THE TASK: When you return the material, keep every line exactly as it is and omit the pictures.

SUPPLIED MATERIAL:
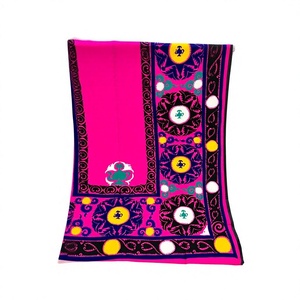 Couverture brodée traditionnelle, couverture en patchwork artisanale, couverture brodée ethnique, couverture décorative faite à la main, couverture florale traditionnelle - Product Image 4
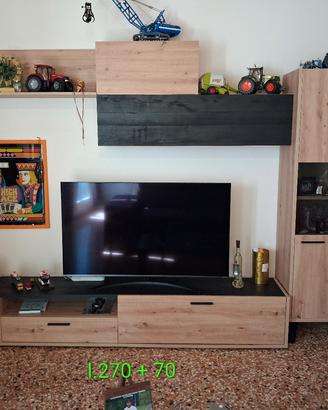 Soggiorno tinta rovere miele e nero grafite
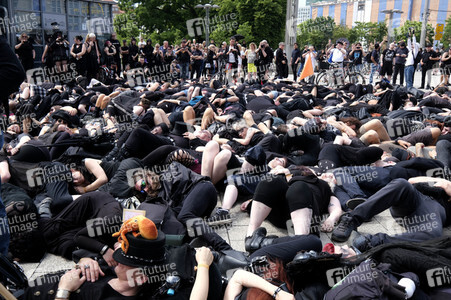 Demonstration von Bersuchern des Wave-Gotik-Treffens und Extinction Rebellion in Leipzig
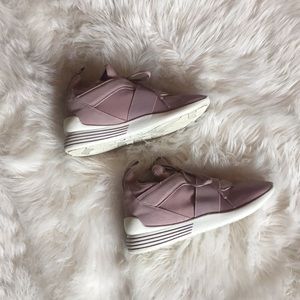 Kendal & Kylie Collection  Mauve Sneakers size 8.5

SOLUTION TO THE PROBLEM:
 Couverture brodée traditionnelle, couverture en patchwork artisanale, couverture brodée ethnique, couverture décorative faite à la main, couverture florale traditionnelle - Product Image 4
 Soggiorno tinta rovere miele e nero grafite
 Demonstration von Bersuchern des Wave-Gotik-Treffens und Extinction Rebellion in Leipzig
 Kendal & Kylie Collection  Mauve Sneakers size 8.5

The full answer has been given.